Between rain storms and frost the next two days we went on a couple of splendid nature walk expeditions, first to Lake Siskiyou where the Sacramento River comes into it.

Pippin remarked at this point, “From here we tend to make slow progress because there are so many rocks to look at.” Indeed. And to bring home!

Indian Rhubarb

On my second morning I stood at the kitchen window while eating my breakfast bowl, and watched four deer eating their breakfast of willow leaves off the back lawn.

And that afternoon found most of us along the Sacramento River Trail near Castle Crags. The last time I’d been here my husband was still feeling healthy and we were here together with Pippin’s family.

This time was lovely, too, nearly four years later, during fall instead of winter, with bigleaf maple leaves covering the paths, oaks and firs and Port Orford Cedars and more kinds of trees…. The children had a ball on the rocks jutting out into the river and Scout named one spot after me: Pearl Point, because I had told him the day before that Gretchen means little pearl.

Jamie was missing his nap but you would never know it by the way he marched along the trail and climbed cheerfully for hours up and down banks and over countless large river stones.

On our drive back home Scout’s mind was busy planning the evening’s activity and chattering about all his ideas. His mother and I were not enthusiastic about the first ambitious projects he came up with, so he said, “Well, then, Grandma, what would you like to do?” It shows a developmental leap, I think, that he was showing this willingness to consider what other people’s preferences might be.

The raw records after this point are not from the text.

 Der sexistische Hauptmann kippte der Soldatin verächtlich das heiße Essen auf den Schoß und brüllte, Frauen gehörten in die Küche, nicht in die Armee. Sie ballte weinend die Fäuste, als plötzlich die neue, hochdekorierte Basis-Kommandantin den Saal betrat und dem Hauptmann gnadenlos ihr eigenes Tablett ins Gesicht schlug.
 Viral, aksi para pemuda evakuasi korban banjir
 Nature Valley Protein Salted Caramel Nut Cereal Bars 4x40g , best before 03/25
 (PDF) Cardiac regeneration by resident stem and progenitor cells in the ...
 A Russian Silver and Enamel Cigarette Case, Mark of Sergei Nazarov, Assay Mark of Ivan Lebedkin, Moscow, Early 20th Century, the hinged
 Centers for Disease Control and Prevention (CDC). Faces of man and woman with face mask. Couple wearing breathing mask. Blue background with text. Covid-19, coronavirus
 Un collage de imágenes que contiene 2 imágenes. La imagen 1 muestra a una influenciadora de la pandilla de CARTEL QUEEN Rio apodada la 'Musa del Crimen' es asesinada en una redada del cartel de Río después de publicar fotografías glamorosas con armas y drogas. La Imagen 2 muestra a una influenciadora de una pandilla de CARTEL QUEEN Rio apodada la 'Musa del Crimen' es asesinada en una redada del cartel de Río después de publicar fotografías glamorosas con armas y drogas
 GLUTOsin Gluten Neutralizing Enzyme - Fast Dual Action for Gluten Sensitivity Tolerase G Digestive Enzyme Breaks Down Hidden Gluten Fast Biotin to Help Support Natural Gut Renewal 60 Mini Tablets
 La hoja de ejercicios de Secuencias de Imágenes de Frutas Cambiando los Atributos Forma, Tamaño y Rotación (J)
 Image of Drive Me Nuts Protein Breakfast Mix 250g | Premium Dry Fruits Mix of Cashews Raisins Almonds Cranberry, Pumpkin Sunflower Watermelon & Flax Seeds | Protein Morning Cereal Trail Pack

I thought a bit, and answered, “I would like to do something that wouldn’t require thinking or talking, or being on my feet.”

“Is reading considered talking?”

“No.”

“Well, then, would you like to read that book about Kit Carson that you gave me for my birthday?”

I surely would love that, and I read three chapters while dinner was being prepared by other people on their feet, and Scout colored another picture while he was listening.

Now I’ve moved on to Oregon, where Walt has found and started restoring the truck he was only dreaming about back in September when I was here.

Oregon trees and their knock-out gorgeous fall colors
are competing for my designation of Favorite.

So far I think I like the last one best.

I’m not halfway through this road trip. Before I get home I’ll have slept twelve nights not in my own bed. I’ll have seen five friends and ten family members, staying in five homes. It does feel like a little much for an old lady, but I’m enjoying myself and will try to check in at least once more to tell you more about my northern adventures.